### Exercise description
Your answer should repeat the entries in full, exactly as given, with no pictures.
--------------------
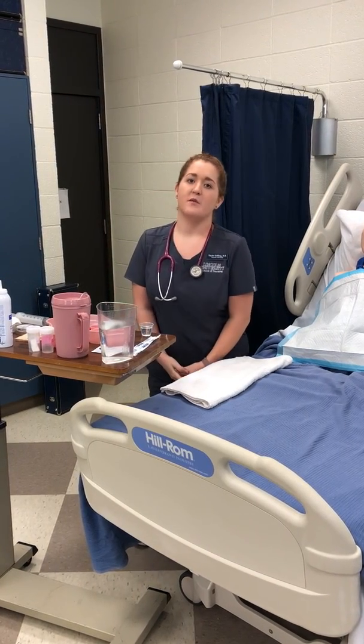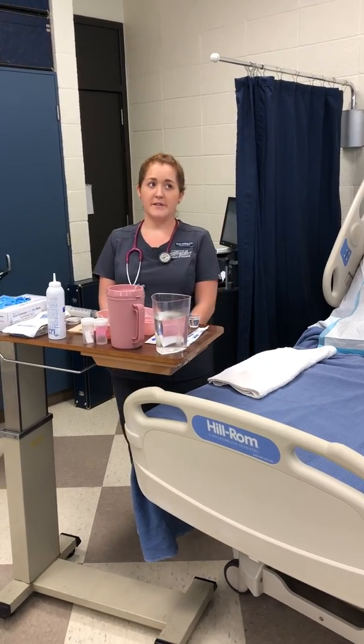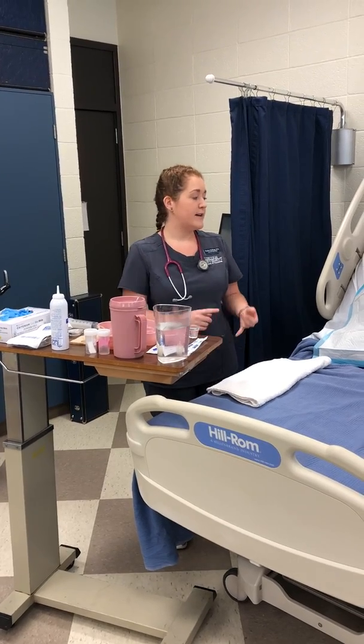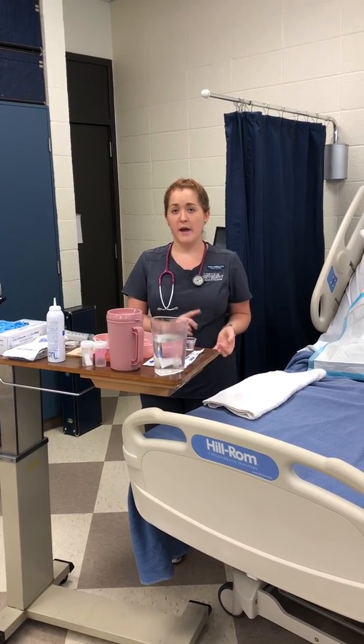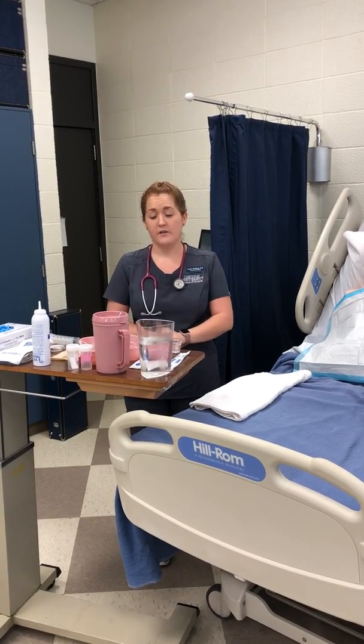Hello, my name is Taylor Erfling. I'm a four-semester nursing student at Lincoln University. Today is September 26th and the time is 9:40 in the morning. Today I'm going to be showing you how to insert a nasogastric tube, administer two medications through it, and then how to remove it as well.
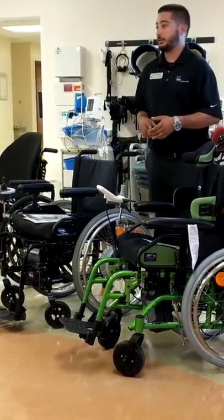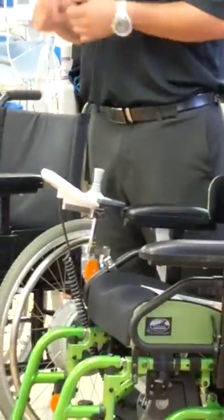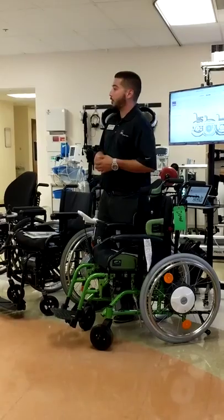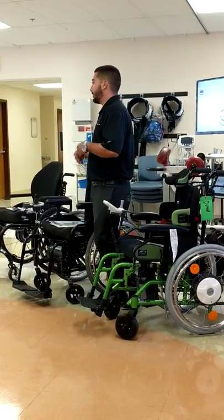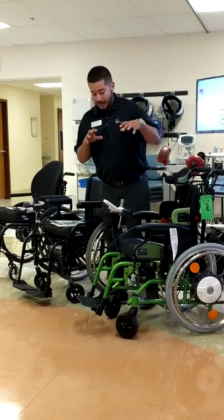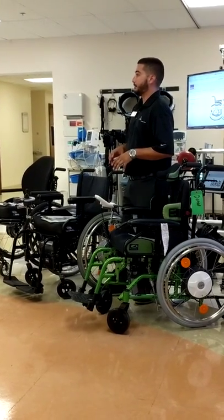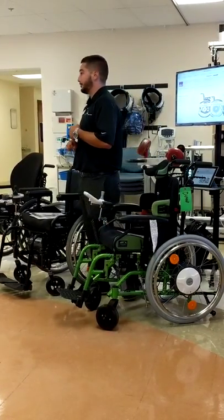We'll start off with eFix. eFix is a power add-on system. We can turn any tilt-and-space chair, any manual chair — whether it's a folding chair or rigid — into a power chair. So if you have someone who has an issue with transporting a power chair, maybe they don't have a way of getting it back and forth, and they want more of a lightweight solution but still have that power option, eFix would be a good solution for you.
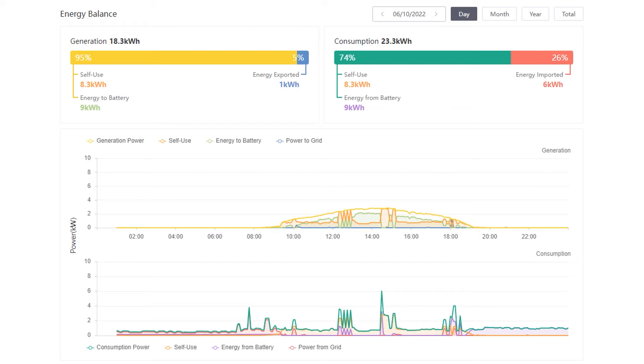We didn't get a payment for the 1 kWh exported to the grid, and that's solely because our switch to Octopus Outgoing Agile didn't actually complete until the 27th of October.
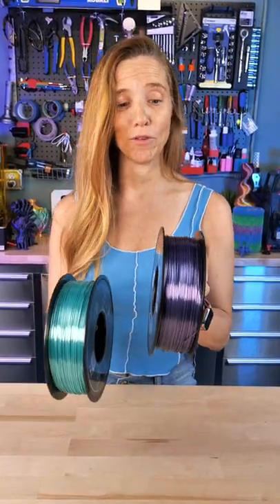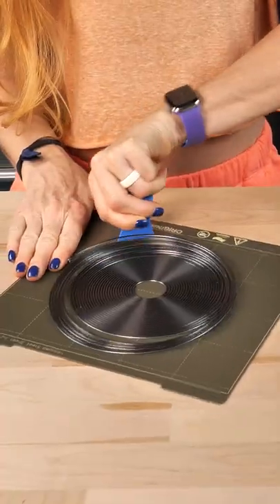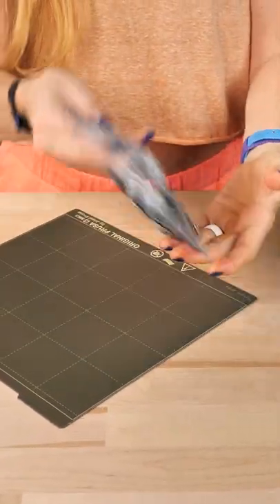This 3D filament came in the mail the other day and these two colors look great. A friend suggested making homebrew with it — homebrew is where you print one color and then another color on top of it in a spiral, then unwind it to make your own coextrusion.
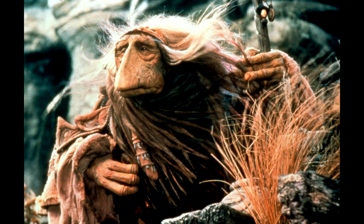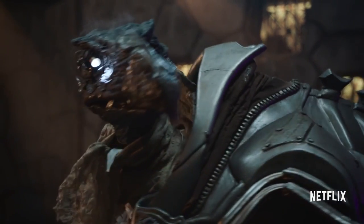The first thing in puppet news is a new series coming to Netflix. The Dark Crystal Returns is a 10-episode series, an all-new adventure based off the cult classic movie. This is awesome! I feel like Netflix is a good platform for the work of Jim Henson. And I would love to see the Muppets over there, too.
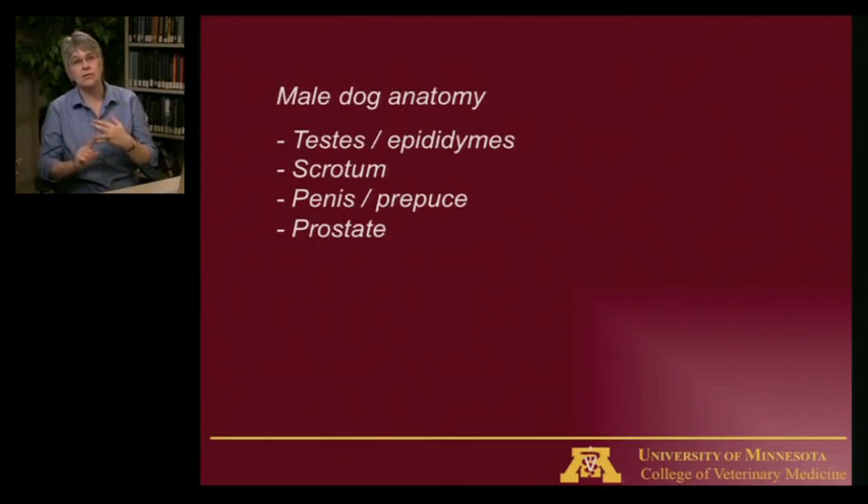When it is fully erect, the part nearest his body will become greatly engorged compared to the rest of the penis. That's what gets caught within the lips of the vulva of the female to form the tie or copulatory lock that we talked about when we talked about natural breeding.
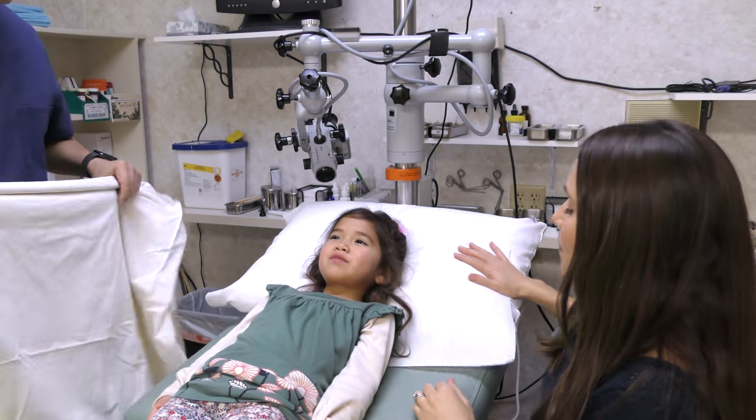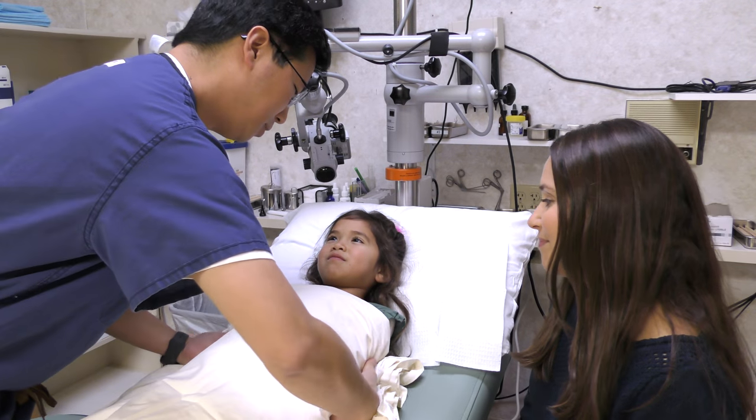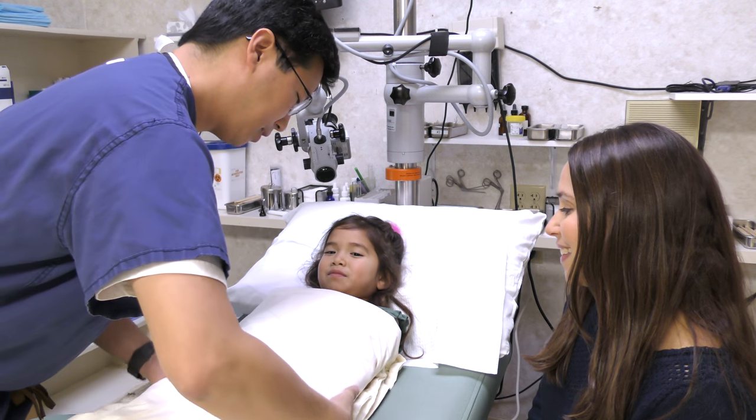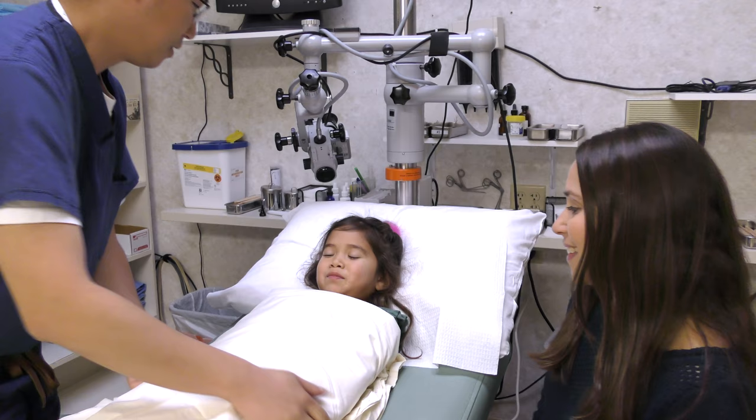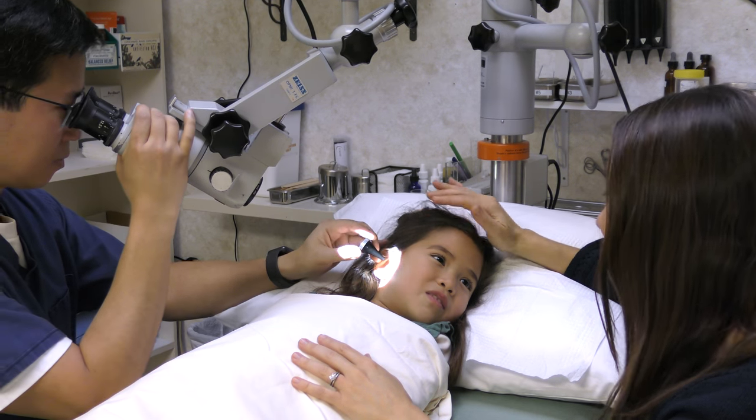Here's an actual video of a tube placement in an awake child. Note that the child is first strapped in a bedsheet to keep the hands down. The parent is present to keep the child as calm as possible. The same steps described already are then performed.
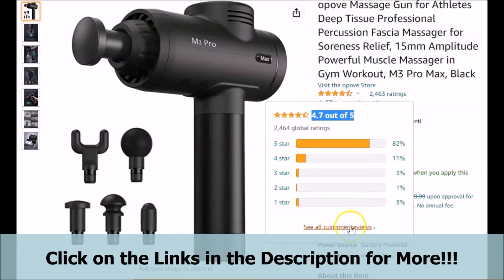We feel that you should really look into the ratings for yourself by clicking on the links provided below in the description. What really caught our attention is that currently 82% of the customers actually give it a 5-star rating, which we feel is pretty good and is something to consider. This should give you a pretty good idea of how most customers feel, whether the featured professional massage gun is worth it or not.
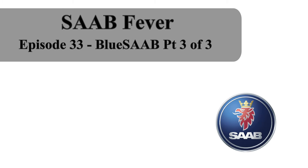Hello and welcome to episode 33 of Saab Fever. My name's Frank and in today's episode we're going to finish the Blue Saab project.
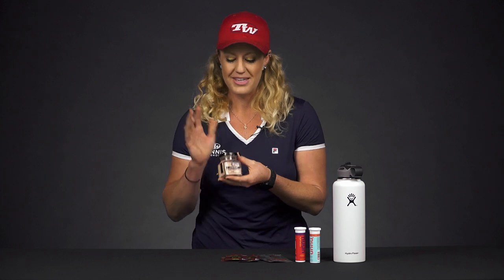One last thing: a lot of times we're losing sodium and that's why we're cramping. Regular old salt is a great option too. We're not selling this on the website, though we do have some salt alternatives on the website, but salt will just get those sodium levels back up and prevent cramping.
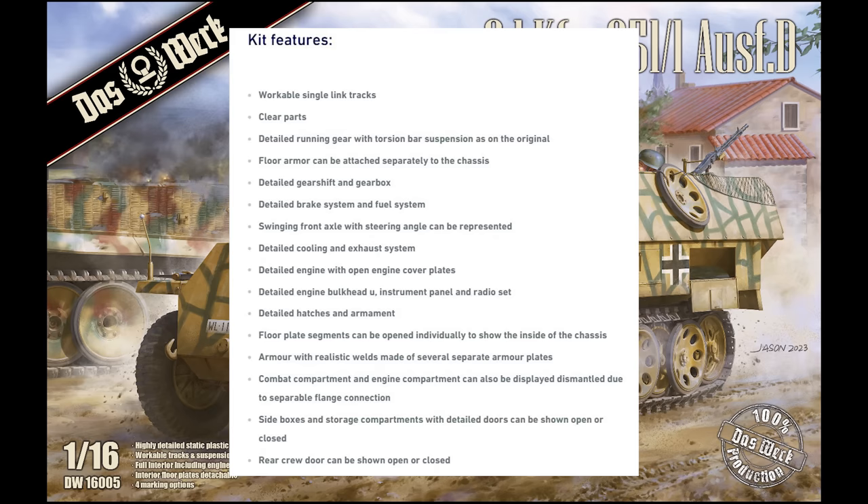There will be four decal options included. The first one being the 97th Jaeger Division in April 1945. The second is the 25th Panzer Grenadier Regiment, 12th Panzer Division, November 1944, Eastern Front. The third is the 2nd SS Panzer Division Das Reich, July 1944, Normandy. And the last set of decals will be the 4th Balschem Jaeger Division, March–April 1944. So some later-war markings on this.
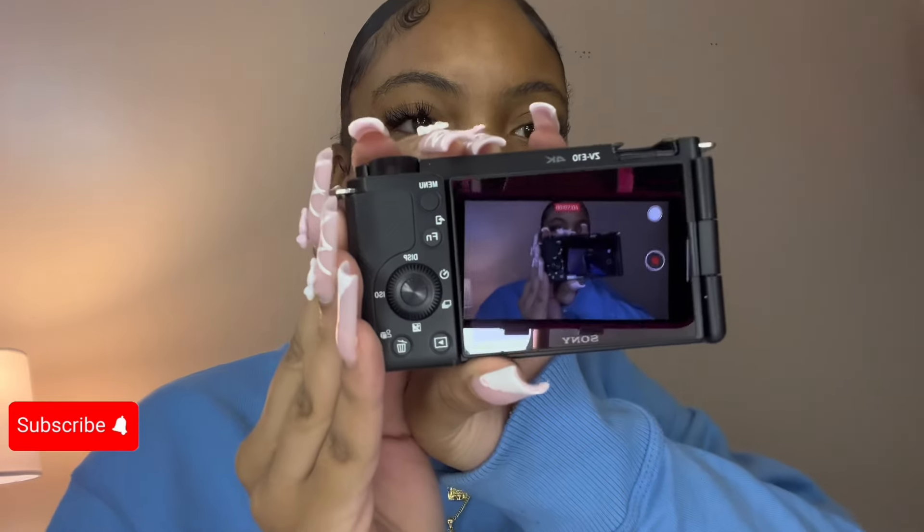This is what I always wanted. This is how it comes, y'all — it comes with the manual, of course. This is how it is packaged. This unboxing video would have been way better if I was by myself, but what can I say — I'm the favorite one. Y'all, the camera is so nice. Look at it — this is so nice.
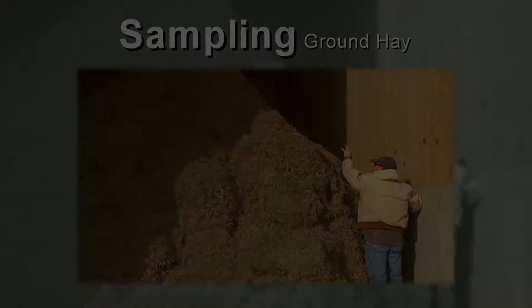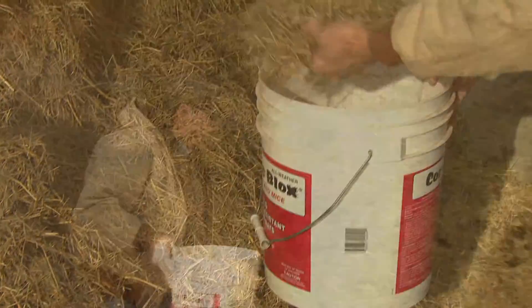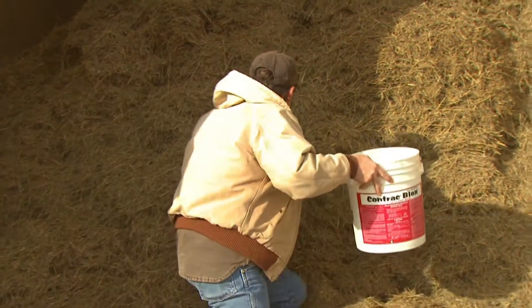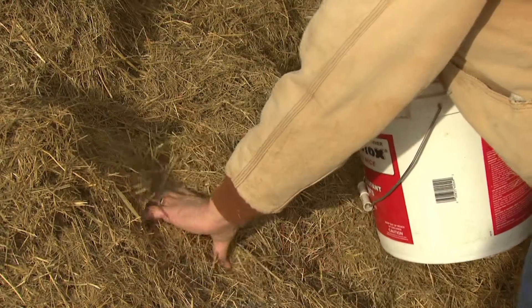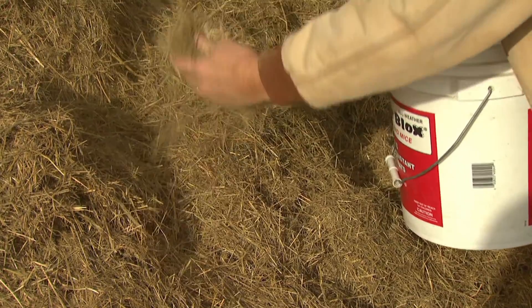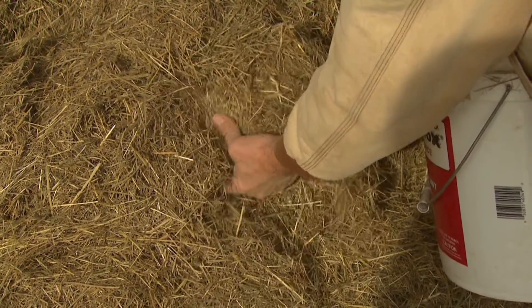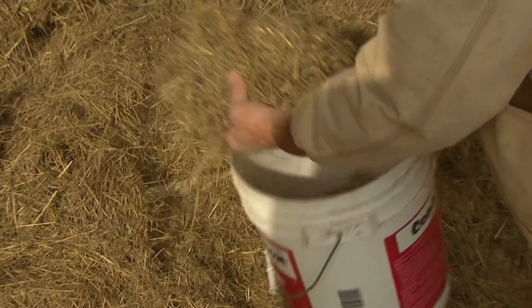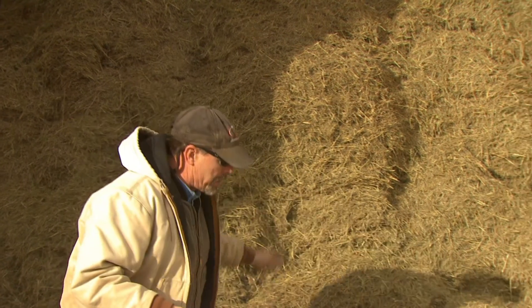To sample ground forages, you will need a five-gallon bucket. One-fourth of the sample should be taken from the top half of the pile and the rest from the middle half. Take hand samples, avoiding allowing fines to sift through the fingers. The palms should be facing up, knuckles facing down, and fingers together — not spread apart.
--------------------
### Response below
Hello, my name is Taylor Erfling. I'm a four-semester nursing student at Lincoln University. Today is September 26th and the time is 9:40 in the morning. Today I'm going to be showing you how to insert a nasogastric tube, administer two medications through it, and then how to remove it as well.
We'll start off with eFix. eFix is a power add-on system. We can turn any tilt-and-space chair, any manual chair — whether it's a folding chair or rigid — into a power chair. So if you have someone who has an issue with transporting a power chair, maybe they don't have a way of getting it back and forth, and they want more of a lightweight solution but still have that power option, eFix would be a good solution for you.
We didn't get a payment for the 1 kWh exported to the grid, and that's solely because our switch to Octopus Outgoing Agile didn't actually complete until the 27th of October.
This 3D filament came in the mail the other day and these two colors look great. A friend suggested making homebrew with it — homebrew is where you print one color and then another color on top of it in a spiral, then unwind it to make your own coextrusion.
The first thing in puppet news is a new series coming to Netflix. The Dark Crystal Returns is a 10-episode series, an all-new adventure based off the cult classic movie. This is awesome! I feel like Netflix is a good platform for the work of Jim Henson. And I would love to see the Muppets over there, too.
When it is fully erect, the part nearest his body will become greatly engorged compared to the rest of the penis. That's what gets caught within the lips of the vulva of the female to form the tie or copulatory lock that we talked about when we talked about natural breeding.
Here's an actual video of a tube placement in an awake child. Note that the child is first strapped in a bedsheet to keep the hands down. The parent is present to keep the child as calm as possible. The same steps described already are then performed.
We feel that you should really look into the ratings for yourself by clicking on the links provided below in the description. What really caught our attention is that currently 82% of the customers actually give it a 5-star rating, which we feel is pretty good and is something to consider. This should give you a pretty good idea of how most customers feel, whether the featured professional massage gun is worth it or not.
Hello and welcome to episode 33 of Saab Fever. My name's Frank and in today's episode we're going to finish the Blue Saab project.
One last thing: a lot of times we're losing sodium and that's why we're cramping. Regular old salt is a great option too. We're not selling this on the website, though we do have some salt alternatives on the website, but salt will just get those sodium levels back up and prevent cramping.
There will be four decal options included. The first one being the 97th Jaeger Division in April 1945. The second is the 25th Panzer Grenadier Regiment, 12th Panzer Division, November 1944, Eastern Front. The third is the 2nd SS Panzer Division Das Reich, July 1944, Normandy. And the last set of decals will be the 4th Balschem Jaeger Division, March–April 1944. So some later-war markings on this.
This is what I always wanted. This is how it comes, y'all — it comes with the manual, of course. This is how it is packaged. This unboxing video would have been way better if I was by myself, but what can I say — I'm the favorite one. Y'all, the camera is so nice. Look at it — this is so nice.
To sample ground forages, you will need a five-gallon bucket. One-fourth of the sample should be taken from the top half of the pile and the rest from the middle half. Take hand samples, avoiding allowing fines to sift through the fingers. The palms should be facing up, knuckles facing down, and fingers together — not spread apart.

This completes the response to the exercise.